Well, as it turns out, atheists have one more thing to be smug about.

(Where is your god now?!)

VIA Yahoo

Religious people are less intelligent than non-believers, according to a new review of 63 scientific studies stretching back over decades.

Previous studies have tended to assume that intelligent people simply “know better”, the researchers write – but the reasons may be more complex.

The studies used in Zuckerman’s paper included a life-long analysis of the beliefs of a group of 1,500 gifted children – those with IQs over 135 – in a study which began in 1921 and continues today.

Even at 75 to 91 years of age, the children from Lewis Terman’s study scored lower for religiosity than the general population – contrary to the widely held belief that people turn to God as they age. The researchers noted that data was lacking about religious attitudes in old age and say, “Additional research is needed to resolve this issue.”

As early as 1958, Michael Argyle concluded, “Although intelligent children grasp religious concepts earlier, they are also the first to doubt the truth of religion, and intelligent students are much less likely to accept orthodox beliefs, and rather less likely to have pro-religious attitudes.”

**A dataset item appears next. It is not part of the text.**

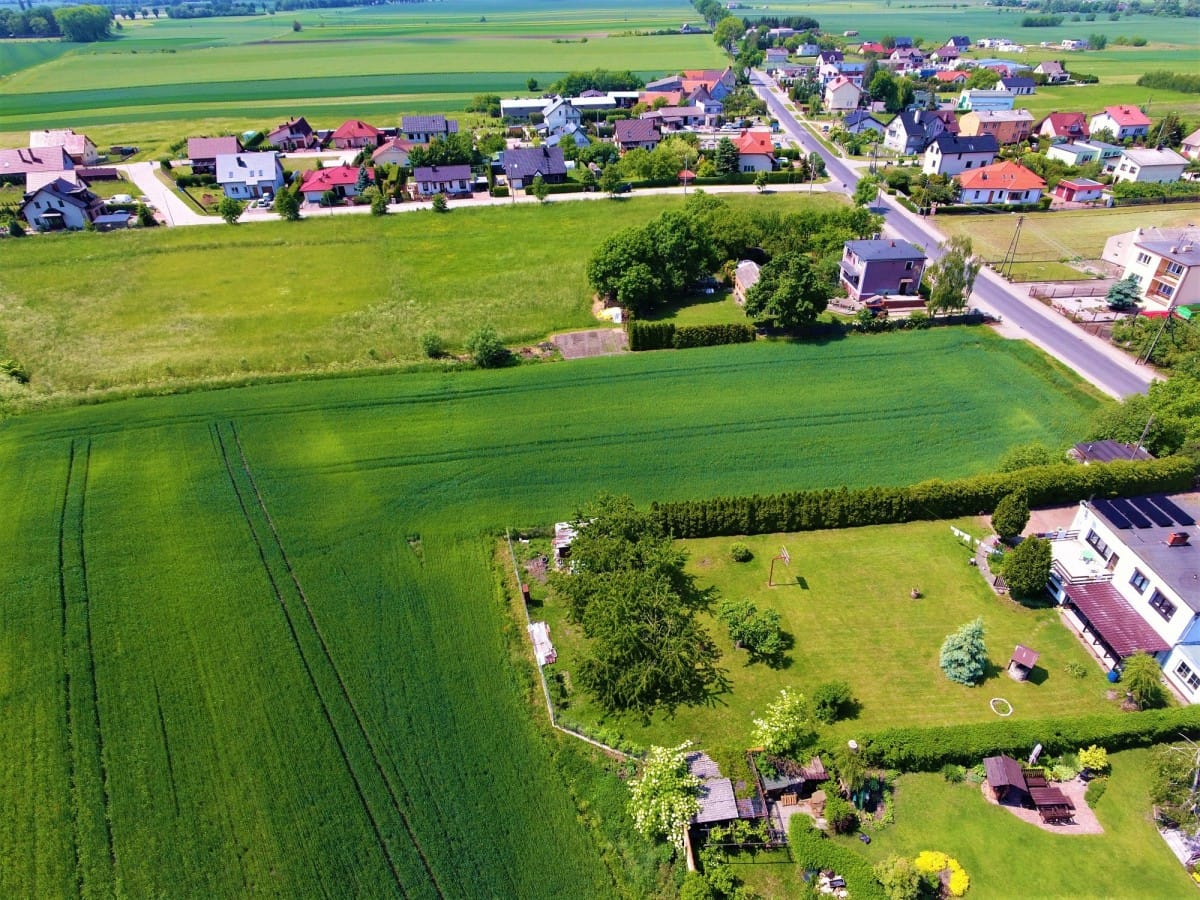 Działka  pokojowe na Sprzedaż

A 1916 study quoted in Zuckerman’s paper (Leuba) found that, “58% of randomly selected scientists in the United States expressed disbelief in, or doubt regarding the existence of God; this proportion rose to nearly 70% for the most eminent scientists.”

The paper, published in the academic journal Personality and Social Psychology Review, said “Most extant explanations (of a negative relation) share one central theme—the premise that religious beliefs are irrational, not anchored in science, not testable and, therefore, unappealing to intelligent people who “know better.”